Chef Anne Burrell’s new Food Network show, Chef Wanted, features chefs competing for Executive Chef positions throughout the country. It is living proof of the idiom, “If you can’t stand the heat, get out of the kitchen!”
We reached out to Chef Bryon Freeze (@BFreeze) after his victory on the premiere episode of Chef Wanted and this is what he had to say:
FP: How did you get your start with cooking? When did you decide you wanted to be a chef? What do you enjoy most about being a chef?
BF: I started cooking when I was 15 years old. I was working at a Burger King in Maryland. I tried many other jobs throughout high school, but nothing seemed to keep me excited like the rush of service in a kitchen. After graduating and living at the beach for a summer I decide I wanted to become a Chef. As a child I was a picky eater and always took forever to eat dinner. I would sit at the dinner table and experiment with mixing condiments to create sauces. I guess that was when I first started developing the desire to be a Chef. The thing I enjoy most about being a chef is the ability to build memories with guests by crafting an experience through food. When you are given the opportunity to make a dish that a guest calls, “the best they ever had,” it really is gratifying and moments like that are priceless.
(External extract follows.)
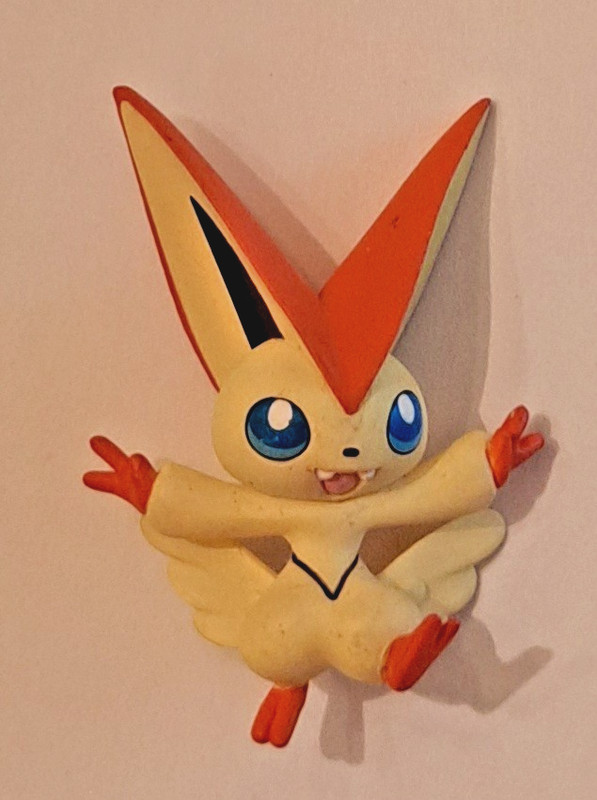 Pokémon Victini Moncolle Mini Small 1.6 in.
FP: Name some of your favorite chefs and why.
BF: Thomas Keller since he has been influencing my generation since we were teenagers and his amazing food, and a level of execution that we aspire for everyday. Daniel Humm for his collaborative style and level of creativity at Eleven Madison Park is something I desire to achieve someday. Grant Achatz is already an inspiration with the level of food he develops. After reading his book, “Life, On The Line,” I have an even higher level of respect for what he has been through. His stories of countless hours in the kitchen really hit home.
FP: First off congratulations on winning Chef Wanted and becoming the Executive Chef at Mucho Ultimo! Tell us about your experience on the show. What was the entire process like? What was it like to compete with the other chefs?
BF: Chef Wanted was a great experience. You definitely find out who you are and what you are made out of when you are pushed mentally and physically to the extreme. There were definitely a lot of emotions involved. At the time of production I didn’t have a lot of job opportunities on the horizon. I had taken a risk by leaving my job, and I was putting a lot of pressure on myself to execute at a high level. Very stressful, and a great learning experience.
FP: When you are home, what are some of your favorite meals to cook for yourself? If you go out to eat, name some favorite places. What are some of your guilty pleasures (if any)? We like to call them foodie pleasures, hence the name.
I’m not home very often, but when I am home I like to cook with healthy seasonal ingredients. Usually sourced from local Farmer’s Markets when possible.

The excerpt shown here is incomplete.